Hakikatten Kaçış

281 15 3
                                    

Yeni bölüm yayında hepinize iyi okumalar sonraki bölümlerde ne görmek istersiniz lütfen bizimle paylaşın
------
Hüma hayatının en karanlık zamanlarına geri dönmüşken günler geçmiş İhsan'ı korumak için hapisteki dostları bahane etmişti. İzmir'e dönmemek için türlü bahaneler bulmaya çabalamışken İzmir'de bıraktığı herkes onun hakkında hükümler veriyor hakikatten bir haber Hüma'ya kader biçiyorlardı. Ihsan ise hatrı sayılır kimseleri araya sokup Tahirleri hapisten çıkarmayı başarmıştı ancak aklı İstanbul'da kalmıştı. Tahir'in kim olduğunu daha doğrusu Hüma için kim olduğunu ögrendiginden beri onu koruması için gerçekleri anlatmak istiyor bir yandanda Hüma'ya sormadan böyle bir işe kalkışmanın yanlış olacağını düşünüyordu. İçinden çıkılmaz düşünceleri çarpışırken ona verilen kısa süreli görev sayesinde İzmir'den uzaklaşmış, aklı dağılmış Tahir'i görmemişti. Bu süre zarfında şüphenin cehenneminde yanan Tahir ise Hüma'nın İhsan ile İstanbul'a gidişine anlam veremiyor ailelerinin onları bu denli yakıştırması kanına dokunuyordu. Hapisten çıktığı ilk gün evde karşılaştığı kötü sürpriz içindeki şüpheyi dahada körüklemişti. Bahçe kapısından girip anahtarı deliğe soktu. Kapıyı açtığında içeriden gelen yemek kokularına anlam veremeyerek mutfağa girdi. Karşısında Afet'i görmenin huzursuzluğu ve şaşkınlığını yaşayarak sordu.
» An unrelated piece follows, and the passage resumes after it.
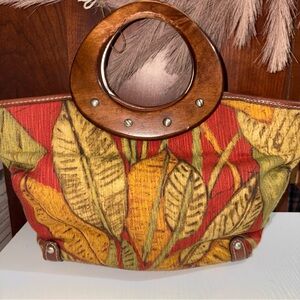 Fossil|womens|bags|clutch burnt red|green hues Leaf Print#fierce#festive#parties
Tahir: Afet... Ne arıyorsun sen burada?
Afet: Aşk olsun sanki yabancısı mıyım bu evin
Tahir: Sırma gelir evi düzenler diye bekliyordum lakin seni görmek... şaşırdım mazur gör hoş geldin.
Afet abartılı bir kahkaha attı: Asıl sen hoş geldin şaşkın.
Tahir muhabbetten rahatsız olduğu belli olur şekilde cevap verdi:Zahmet etmişsin lüzum yoktu.
Afet: Aaa olur mu hiç şimdi senin kafan doludur kendini ihmal edersin ben seni bilirim.
Tahir: Ben içeri gideyim ayak altında dolanmayayım sende işini gör meşgul etmeyeyim seni daha fazla.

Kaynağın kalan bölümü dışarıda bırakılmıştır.